52. There are in this doctrine of Kant, two things to be distinguished: first, the facts upon which it is based; and secondly, the manner in which he examines and applies them, and the consequences he deduces from them.
We detect at once a radical difference, as far as the observation of ideological facts is concerned, between Kant's system and that of Condillac. While the latter discovers in the mind no fact but sensation, no immediate faculty more noble than that of feeling, the former upholds as a fundamental principle the distinction between sensibility and the understanding. And here the German triumphs over the French philosopher, for in his support stand both observation and experience.
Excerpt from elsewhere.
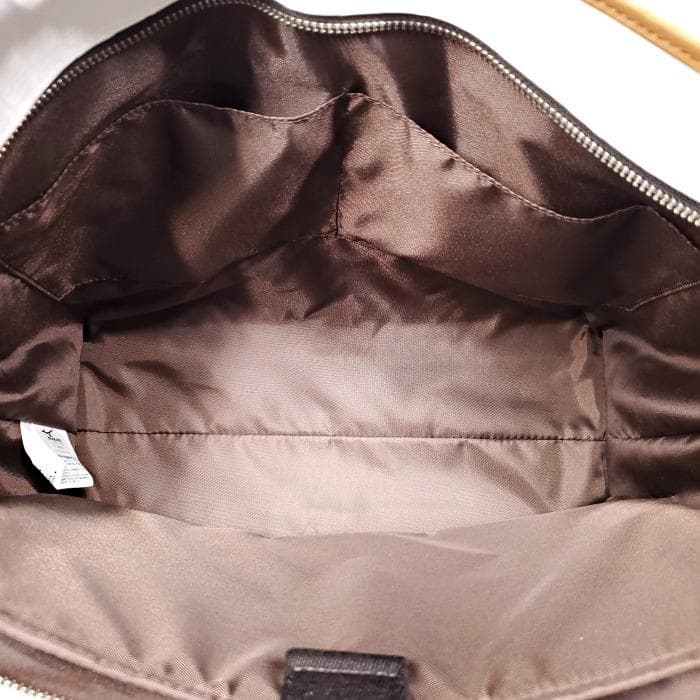 【美品】 ミズノ タタミコレクション TAFTIO 廃版 A4収納 トートバッグ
But this triumph over sensism had already been obtained by many philosophers, the scholastics in particular. With Kant and Condillac they admitted that all our cognitions came from the senses; but they had also noted what Kant afterwards saw, but Condillac did not discover that sensations by themselves alone could never suffice to explain all the phenomena of our soul, and that, besides the sensitive faculty, it was necessary to admit another very different, called understanding.
Kant regarded sensations as materials furnished to the understanding, which it combined in various ways, and reduced to conceptions. "Thoughts without contents," he said, "are empty; intuitions without conceptions are blind. It is then just as necessary to make conceptions sensible, that is, to give them an object in intuition, as to make intuitions intelligible by subjecting them to conceptions." Who does not perceive in this passage, the acting intellect of the Aristotelians, although expressed in other words? Substitute sensible species for sensible intuition, intelligible species for conception and we recognize a doctrine very like that of the scholastics. Let us see. Kant says: to enable us to acquire knowledge, the action of the senses, or sensible experience is necessary. The scholastics said: there is nothing in the understanding which has not previously been in the senses: nihil est in intellectu quod prius non fuerit in sensu.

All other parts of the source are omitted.